# RR Bushings



## RJ_05GTO (Jul 6, 2008)

Im going to replace my radius rod bushings here in the near future. I was wondering if it is totally necessary to replace the rear RR bushings? Also is there a more wallet friendly option other than the Pedders that are good? I have read about the Noltec bushings failing and seperating. Are Noltec and Lovells the same bushing? I dont mind buying the Pedders if there are no other options but if there are some available of comparable quality for a better price that is what I would prefer going with. Thanks!


----------



## GM4life (Mar 18, 2007)

I went with the Lovells RR bushings, no problems out of mine. I've done HPDE's and canyon twisties, and they are still holding up. It's not necessary replace the rears unless you want to remove as much flex as you can. I replaced all the bushings in the front end.

Here is my threads: http://www.gtoforum.com/f39/front-end-now-99-poly-28625/


----------



## jpalamar (Jul 22, 2008)

I'm doing Lovells. The full no rub kit is like $350 that includes strut mounts, RR bushing, and all that good stuff.

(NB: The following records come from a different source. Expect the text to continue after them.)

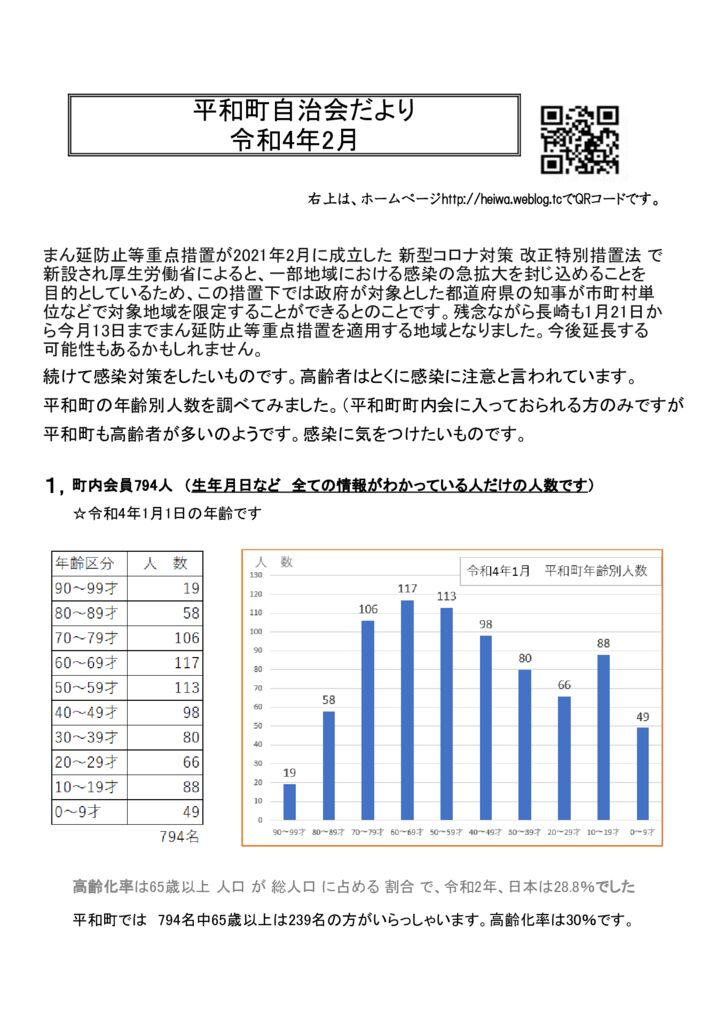 ホームページ１５３　令和4年２月の自治会だよりのサムネイル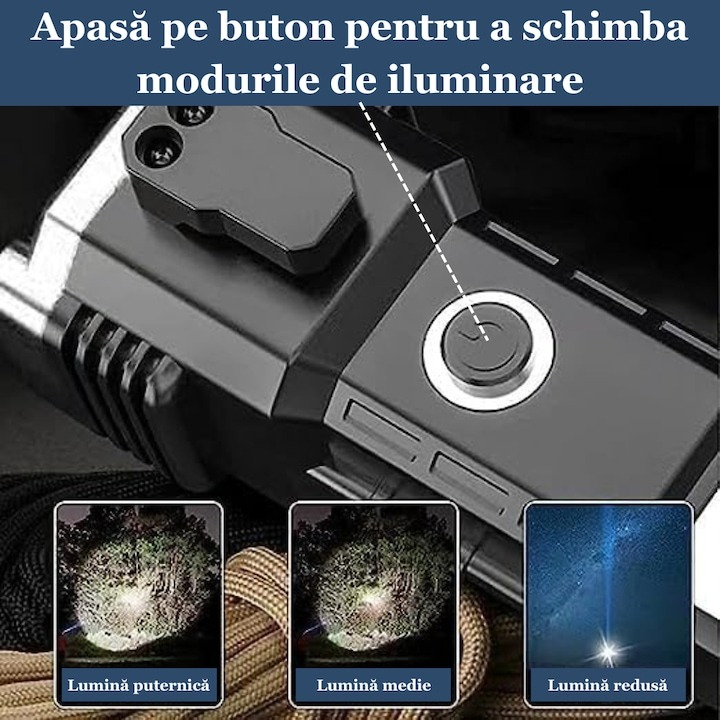 Lanterna multifunctionala, magnetica, ciocan de siguranta, baterie reincarcabila, cablu de incarcare USB inclus [6]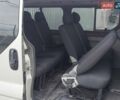 Серый Рено Трафик, объемом двигателя 2 л и пробегом 320 тыс. км за 10700 $, фото 7 на Automoto.ua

I'm sticking clear of Pedders are much as possible. Too many reviews from people with parts beign back ordered. No thanks.


----------



## svede1212 (Nov 1, 2005)

Lovells is the way to go.


----------



## RJ_05GTO (Jul 6, 2008)

Cool! It seems to be a unanimous decision. Lovells it will be then. Where is the best place to buy from? Thanks!


----------



## svede1212 (Nov 1, 2005)

Kollar Racing


----------



## RJ_05GTO (Jul 6, 2008)

svede1212 said:


> Kollar Racing


Thanks! I got them ordered. I cant wait LOL! I have always noticed the car felt a little strange up front when I braked hard and all of the tires wear out on the inside faster than the outside. I think new struts and springs are coming next but im taking it one job at a time.


----------



## kokapops (Jun 22, 2009)

RJ_05GTO said:


> Thanks! I got them ordered. I cant wait LOL! I have always noticed the car felt a little strange up front when I braked hard and all of the tires wear out on the inside faster than the outside. I think new struts and springs are coming next but im taking it one job at a time.




Did you replace them already, How hard was that? What did you order from Kollar
Thanks


----------



## RJ_05GTO (Jul 6, 2008)

I have not installed the RR bushings yet. The weather has not been too good so I havnt hardly drove the car in weeks and I have not been very motivated to install them. I will probably get to them within the next two weeks. I ordered them from Kollar Racing. It looks like a pretty easy install I just need to do it.


----------



## mtlmark (Oct 17, 2010)

I ordered the no rub kit and installed the RR bushings, it was real easy (if you are decently handy or somewhat mechanical), and I installed new struts to go with the bearings and strut bushings. I just had it aligned at the dealer today, it drives very nice, they actually used the RR bushings ability to adjust the caster to spec, it was worth the money. The struts were a bit more difficult to install, but the RR bushings are pretty easy. It took me and my buddy about 6 hours to do everything (struts, bushings, and bearings).


----------



## mtlmark (Oct 17, 2010)

Oh yeah, when they aligned it, it got rid of the spongy brake feel, and the vibration in the steering wheel that I though was the tire balance.


----------



## RJ_05GTO (Jul 6, 2008)

I finally installed my RR bushings. The install was very easy. I used the standard caster setting. The only issue I had was with the removal of the old RR bushings. I bought two 24mm sockets one standard and one deep. The standard socket was too short and the deep socket was too long so if you are going to do the install you need a mid length socket. I didnt feel like going to the store and looking for one so I cut off about a 1/2'' off of the deep socket with a cutoff disk and everything was gravy after that. The car feels a lot better under hard braking... I would say it is money well spent!


----------